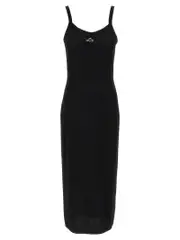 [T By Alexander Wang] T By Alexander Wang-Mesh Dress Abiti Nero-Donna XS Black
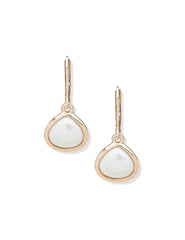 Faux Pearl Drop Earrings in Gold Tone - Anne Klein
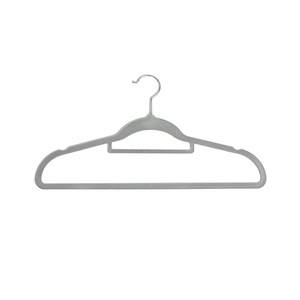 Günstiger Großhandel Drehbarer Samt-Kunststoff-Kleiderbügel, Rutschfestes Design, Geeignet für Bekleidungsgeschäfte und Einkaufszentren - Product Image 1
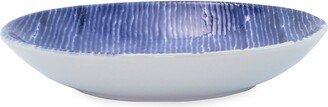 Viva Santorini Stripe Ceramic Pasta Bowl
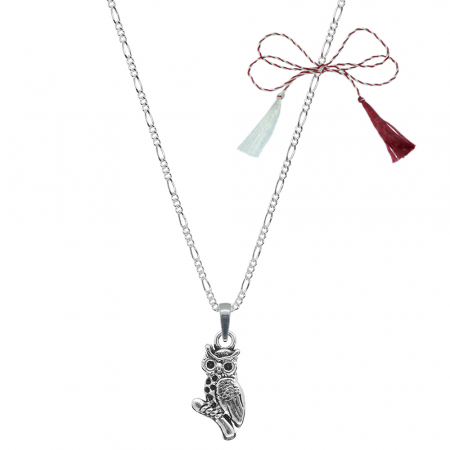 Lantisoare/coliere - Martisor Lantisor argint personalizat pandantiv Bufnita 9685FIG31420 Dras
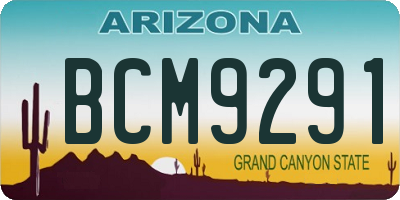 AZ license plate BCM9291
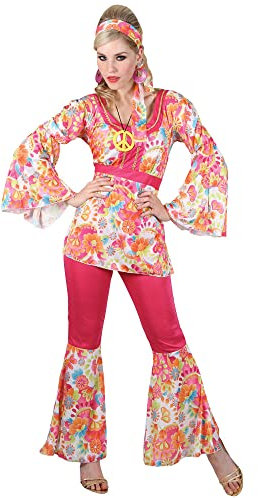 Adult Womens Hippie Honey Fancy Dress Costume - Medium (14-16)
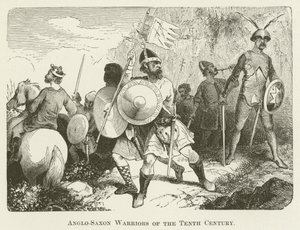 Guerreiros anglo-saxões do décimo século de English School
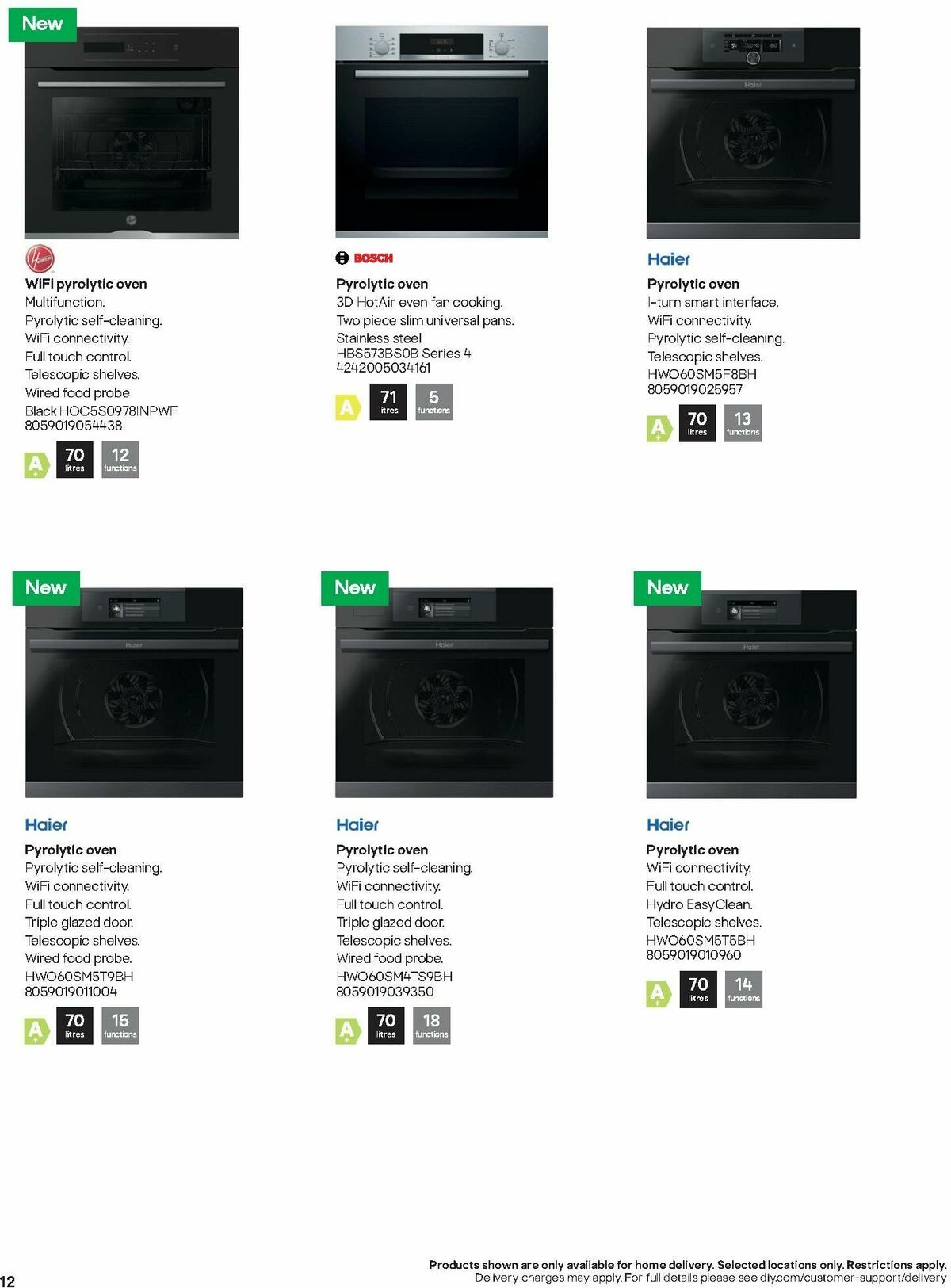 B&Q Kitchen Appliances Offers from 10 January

------------------------------

▶ [YOUR TASK]:
In your transcription of the listing above, match each line exactly and include no pictures.

▶ [YOUR RESPONSE]:
 [T By Alexander Wang] T By Alexander Wang-Mesh Dress Abiti Nero-Donna XS Black
 Faux Pearl Drop Earrings in Gold Tone - Anne Klein
 Günstiger Großhandel Drehbarer Samt-Kunststoff-Kleiderbügel, Rutschfestes Design, Geeignet für Bekleidungsgeschäfte und Einkaufszentren - Product Image 1
 Viva Santorini Stripe Ceramic Pasta Bowl
 Lantisoare/coliere - Martisor Lantisor argint personalizat pandantiv Bufnita 9685FIG31420 Dras
 AZ license plate BCM9291
 Adult Womens Hippie Honey Fancy Dress Costume - Medium (14-16)
 Guerreiros anglo-saxões do décimo século de English School
 B&Q Kitchen Appliances Offers from 10 January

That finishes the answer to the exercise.